La musica per Wassily Kandinsky non era solo una passione, era una vera e propria ossessione: i colori venivano infatti percepiti come un "coro" da fissare sulla tela. Secondo il pittore russo, "il colore è un mezzo che consente di esercitare un influsso diretto sull'anima. Il colore è il tasto, l'occhio il martelletto, l'anima il pianoforte dalle molte corde.”
Nella scuola primaria, l’educazione musicale si presenta ricca di molteplici sfaccettature, dall’ascolto alla produzione; eppure è importante offrire allo studente la possibilità di fare della musica un canale espressivo importante, una via privilegiata per innescare meccanismi di riflessione interiore.
Per queste ragioni, impostare una lezione interdisciplinare che abbracci la musica e l’arte di Kandinsky mi è sembrata un’occasione nuova e originale per produrre e imparare.
Il nocciolo di tutta l’arte di Kandinsky è proprio l’emozionalità: il colore, egli ritiene, può avere due tipi di effetti sullo spettatore, uno fisico basato su sensazioni momentanee e uno psichico dovuto alla “vibrazione dello spirito”. Perché accade questo? I colori hanno qualità sensibili che, proprio come accade con la musica di ogni diverso strumento, possono toccare e modificare l’anima dello spettatore.
Questi i presupposti in base ai quali ho costruito un'attività didattica per una classe terza della scuola primaria.
Abbiamo selezionato brani specifici per poter riflettere insieme sull'intensità del suono degli strumenti musicali. Ai bambini ho chiesto se riuscivano ad individuare lo strumento predominante, come lo avvertivano, che emozione suscitava l’ascolto. A questo proposito, ho presentato in forma semplificata il saggio di Kandinsky in cui vengono analizzati i colori in base ai loro suoni interiori, ai loro effetti psichici. Ogni colore viene associato a uno strumento musicale.

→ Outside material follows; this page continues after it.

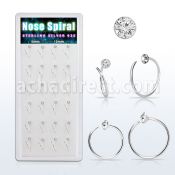 dnrc14 box w silver nose spirals w 2mm clear crystals tops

Il giallo è vitale, prorompente, irrazionale e viene paragonato al suono di una tromba.
Il blu suggerisce quiete ed è associato al suono del violoncello.
L'azzurro, il blu che tende ai toni più chiari, è indifferente, distante ed è paragonabile al suono di un flauto.

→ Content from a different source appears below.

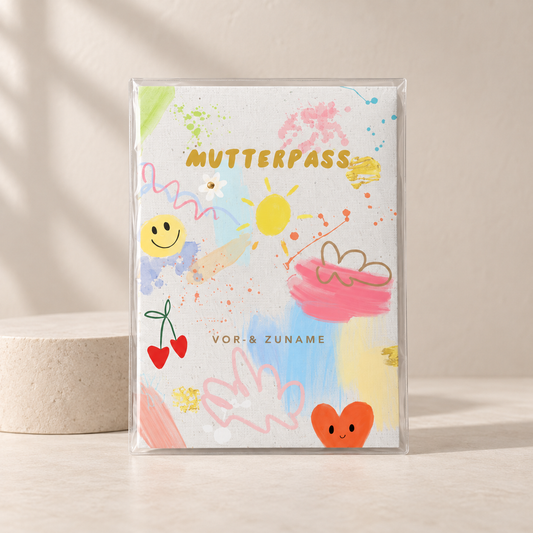 MUTTERPASSHÜLLE - Bunte Malerei 2 personalisiert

Il blu scuro viene invece avvicinato al suono di un organo, profondo e intenso.
Il rosso è caldo, vitale, vivace, irrequieto come il suono di una tuba.
L'arancione esprime movimento, è paragonabile al suono di una campana.
Il verde è noioso, suggerisce opulenza, è una quiete appagata ma appena gira verso il giallo acquista energia; i suoi toni sono ampi e caldi come quelli del violino.
Il viola, come l'arancione, è instabile, è paragonabile al corno inglese, alla zampogna, al fagotto.
Il marrone è ottuso, duro e poco dinamico.
Il bianco è la somma (convenzionale) di tutti i colori dell'iride nella quale però tutti scompaiono. È silenzio assoluto ma ricco di potenzialità: è la pausa tra una battuta e l'altra di un'esecuzione musicale, che annuncia altri suoni.
Il nero è mancanza di luce, è anch’esso silenzio ma è definitivo, è la pausa finale di un'esecuzione musicale ma, a differenza del bianco, dà valore a qualsiasi altro colore.
Anche le forme per Kandisky avevano un significato musicale:
Alla classe ho mostrato le opere di Kandisky. È stato curioso notare come, dopo aver ascoltato il punto di vista dell’artista, gli alunni abbiano spontaneamente provato a immaginare immediatamente la melodia che quel quadro rappresenta. A questo punto, la classe è diventata artista ed esecutore.
Ogni bambino, facendo riferimento alla “legenda” di Kandisky o anche ipotizzandone altre più vicino al loro modo di percepire, ha realizzato una melodia usando forme e colori.
Ognuno di loro ha dato un titolo al suo componimento, ha provato a canticchiarlo facendo riferimento agli strumenti utilizzati ma soprattutto al tipo di emozione che suscitava.
Ritengo che sia indispensabile offrire agli studenti, sin dai primi anni di scuola, strumenti che educhino all’arte e alla musica; strumenti che permettano di esprimersi e di capire. Non mi sono focalizzata su quanto potesse essere bello esteticamente il loro prodotto finale; il bello è innanzitutto soggettivo, ma ciò che deve davvero essere sorprendente è il processo. Un po' come accade nei viaggi, non conta la meta ma ciò che si prova mentre si è in cammino.